Awesome eight for new-look CH council

Karen Newman was the ratepayers' pick of the 13 candidates for the Central Highlands local government election.

Five fresh faces will form part of the decision-making guiding a new-look Central Highlands Regional Council into the future.

Karen Newman, Craig Hindmarsh, Robert Donaldson, Gillian Wilkins and Chris Whiteman will be taking their seats in the council chambers at the Egerton Street headquarters alongside returning councillors Rachael Cruwys, Gai Sypher and Joe Burns, who won a desperately close tussle with newcomer Loretta Gaudron for eighth spot.

Sitting councillor Charlie Brimblecombe was unsuccessful in his bid for a fourth term.

For Mrs Newman, topping the voting on her first foray into a local government election was a welcome surprise after a “competitive” campaign.

“A lot of people wanted to be more informed by events and what was happening and I think the level of interest was markedly increased over the previous election… even from the younger generation,” she said.

“I think there were informed choices on selection when they went in to vote and it’s nice to have a balance between different locations, and the balance between male and female councillors is quite unique too.”

Mrs Newman, the daughter of long-serving Bauhinia Shire Council and CHRC councillor Gail Nixon, road-tripped her way across the electorate in the lead-up to the election in an effort to connect with as many ratepayers as possible and hear their stories.

“I found the campaign very interesting as there was a lot of considered campaign management,” she said.

“That pitch in my last week, I put a little movie on Facebook on where I’d been and it got 2400 views in 24 hours.

“I think people identified with me going to their locations and the photographs within that short video demonstrated that I had been to their locations and had heard them and had looked at what they wanted me to see in the regions.”

Qualified vet Dr Gillian Wilkins said she was filled with excitement and anticipation at representing the community after polling a healthy 8.46 per cent of the overall vote.

“For me, I ran because I was dissatisfied with how things were going,” she said.

“A year ago, this was never a consideration so it’s a great opportunity for me to work from the inside rather than rail about everything not being great from the outside.

“I’ve spoken to a number of people and it’s really opened my eyes about what’s going on, the depth of dissatisfaction, so hopefully, slowly, we can regain the trust by doing the right thing and having the community consultation where it’s needed.”

Mrs Wilkins said while it was her first role in local government, she was not daunted by the challenge.

“It will be a bit of learning curve, and I’m looking forward to that because I feel my career have led me to this point where I need to do something like and give back and serve the community,” she said.

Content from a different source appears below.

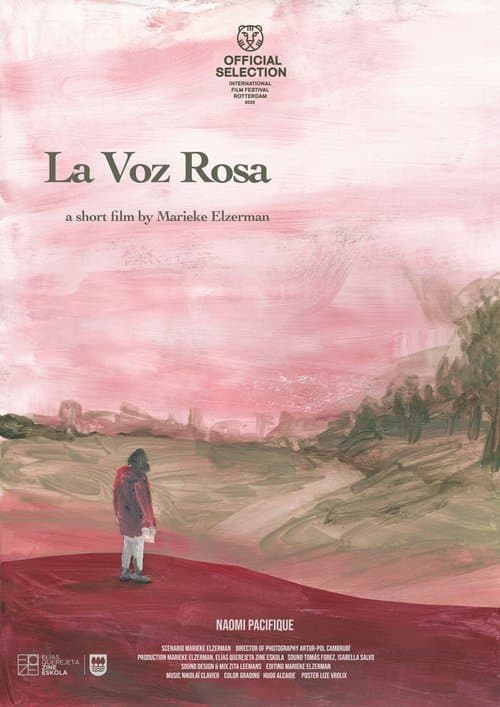La voz rosa poster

“Campaigning, the thing that I found very interesting was that most people were very informed about the situation with the council and what they were experiencing and how the council had handled things.

“I went out to Rolleston, Springsure, the Gemfields, Tieri and Capella and everywhere else and how well informed everyone was, was what really surprised me.”

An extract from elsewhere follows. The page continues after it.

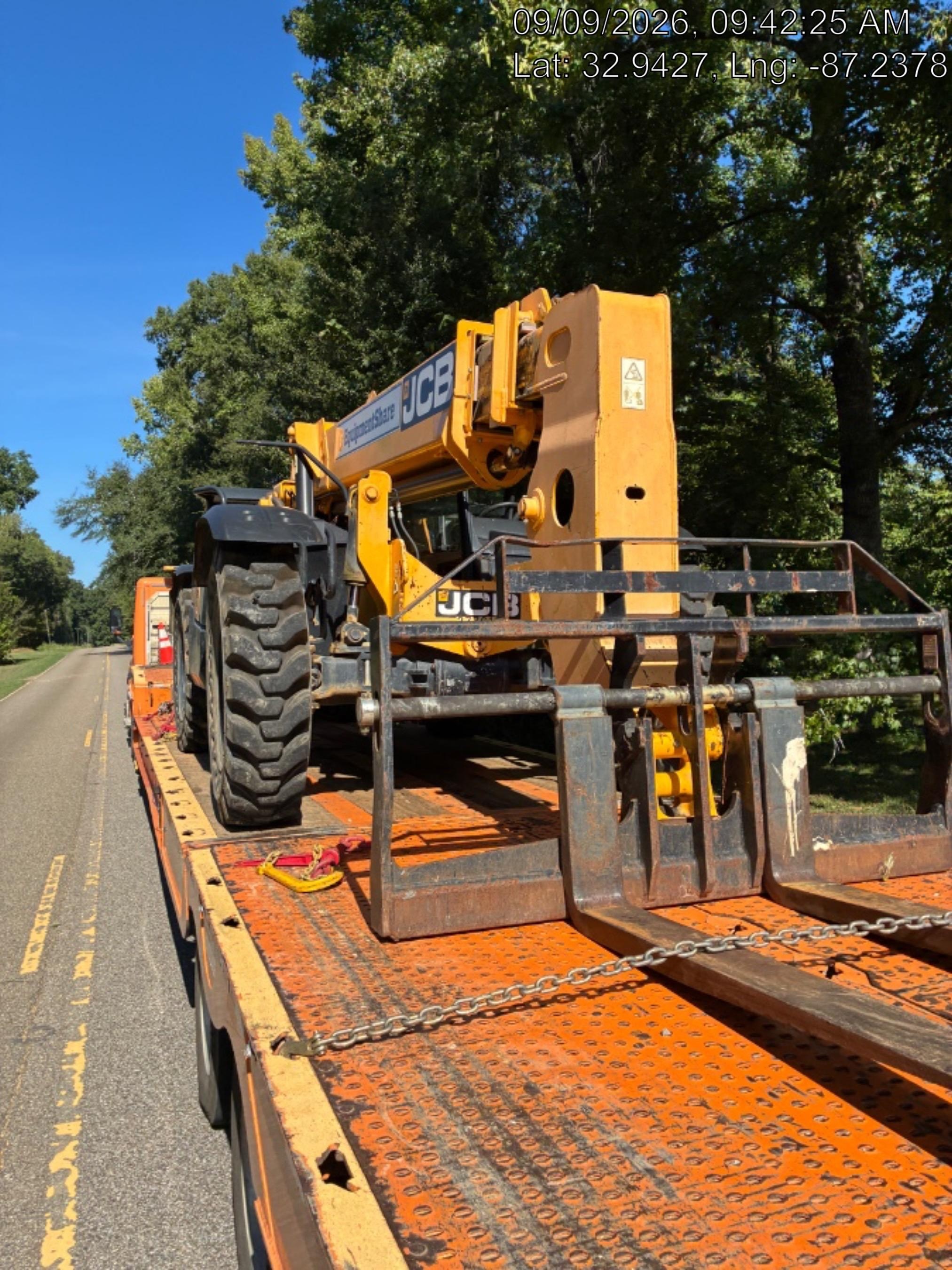 2019 JCB 509-42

Bogantungan grazier Robert Donaldson is ready to sink his teeth into his new role and perhaps, he joked, talk to Telstra about getting some better phone reception for outlying areas as his conversation with CQ Today Weekend was patchy at best.

“I’m very excited because I think we will be able to make changes to the council,” he said.

“There’s trepidation about the job ahead of us but I think if we’re all on the same page we’ll be able to make the Highlands a lot better place to live.

“The most important thing we can do this year is the CEO, no doubts about it, get a good one and I think we can make big changes for the better.”

Mr Donaldson said he didn’t know what to expect in his first tilt at local government.

“I thought I had a pretty good chance just talking to people in the bush, and I thought I’d do alright but I didn’t know what to expect from the urban people, people in the towns,” he said.

“I’ve got a fair few friends and my boys work in the mining industry and I talked to them and they wanted change too, so I thought we had a good chance.”

Duaringa’s Craig Hindmarsh said he early awaiting the transition to life as a councillor.

“I’m open to the challenge and just hope that in four years time I haven’t got people saying that bloody Cr Craig Hindmarsh,” he said, laughing.

“I am looking forward to it… I think we’re a fresh set of eyes, hopefully with fresh ideas and hopefully it will be fruitful.

“I expect that everybody there, we’ll all get along relatively well and we will have our differences, no doubt about that, but overall, we’ll work pretty well as a team.”

Rolleston farmer and miner Chris Whiteman said it was time to hit the ground running as a councillor on what he anticipated would be a “very steep learning curve”.

“I’m very excited about the make-up of the council and I think the Central HIghlands have achieved a very powerful council line-up and I’m very hopeful for the future,” he said.

“It will be a steep learning curve for a lot of us.

“We don’t know how to be in council yet and as much as there is great goodwill and optimism, there’s a lot to learn.”